I'm not sure if that is Lenny you are hearing on lead there as whenever Quincy had ANY trumpet section with Benny Bailey, Benny was always on lead. Quincy called Benny his favorite lead trumpet player back in the mid 1960's before Benny left the US for Europe.

But I could easily be wrong if Lenny is identified in the liner notes as the lead player, if it just lists the trumpet but doesn't say who is on lead then its most definitely Benny if its a Quincy session.

That "pre air" stuff that somebody mentioned before. Thats something that Carmine Caruso used to teach. As most everybody knows I'm a Reinhardt guy (and so was Benny Bailey) But I did take some lessons with Carmine as a kid growing up in New Rochelle.
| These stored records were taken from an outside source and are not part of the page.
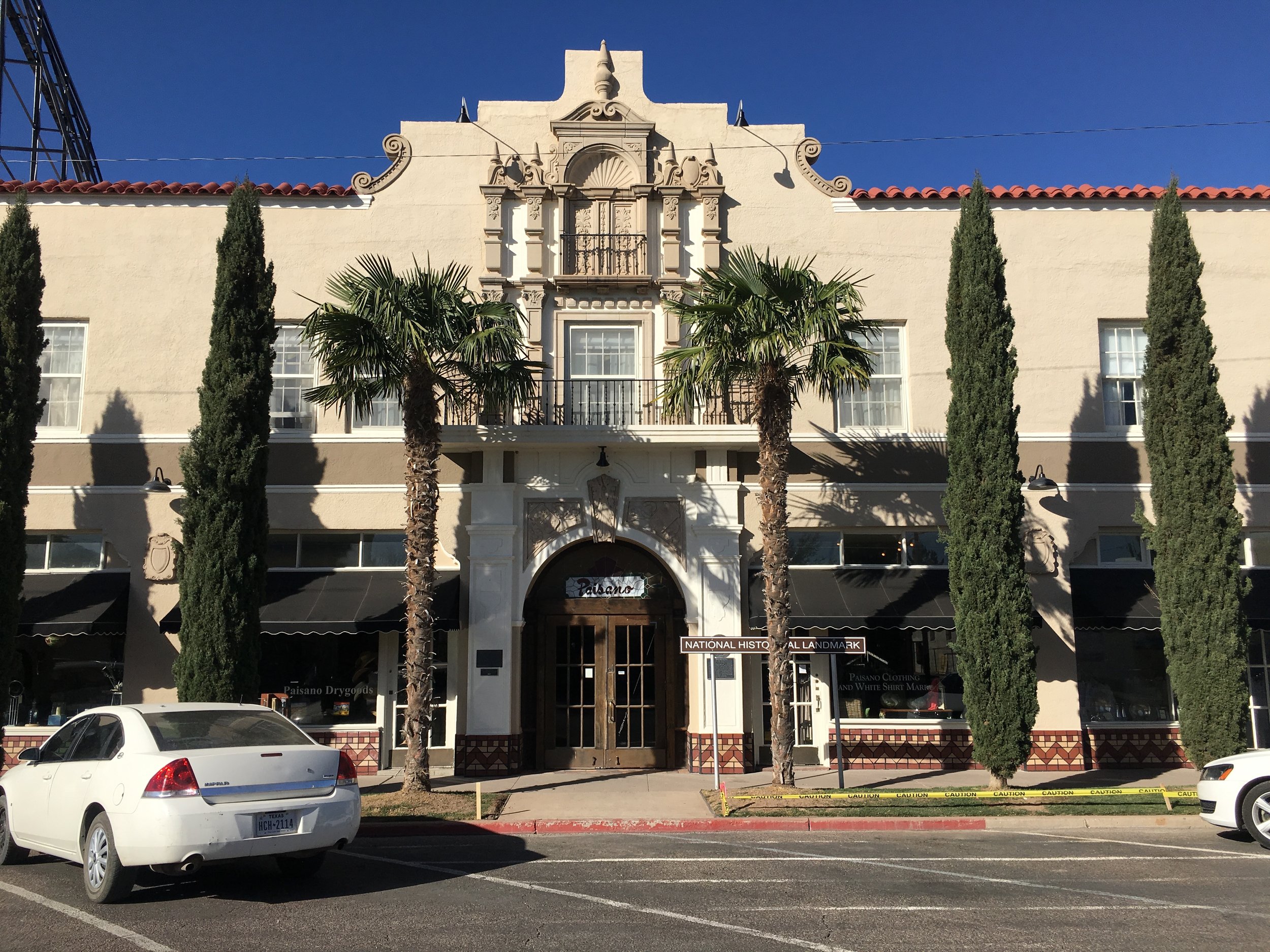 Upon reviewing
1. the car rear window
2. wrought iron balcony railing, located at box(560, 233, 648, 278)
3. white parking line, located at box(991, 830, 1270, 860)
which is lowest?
white parking line, located at box(991, 830, 1270, 860)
That pre air technique was only for the real advanced Carmine students. I only took a few lessons so it was never given to me, but I did see him give it to other students while I waited for my lesson.

As far as Benny Bailey, he was a kid on Lionel Hamptons band blowing his chops out every night. He then said that he got ahold of Reinhardt's first book for trumpet and trombone (The Pivot Manual pub.1942) and that slowly it turned his playing around,

Merry Christmas everybody

Chris LaBarbera



Good to see ya posting again Chris. Keep 'em coming.

Check yer private messages. Happy holidays!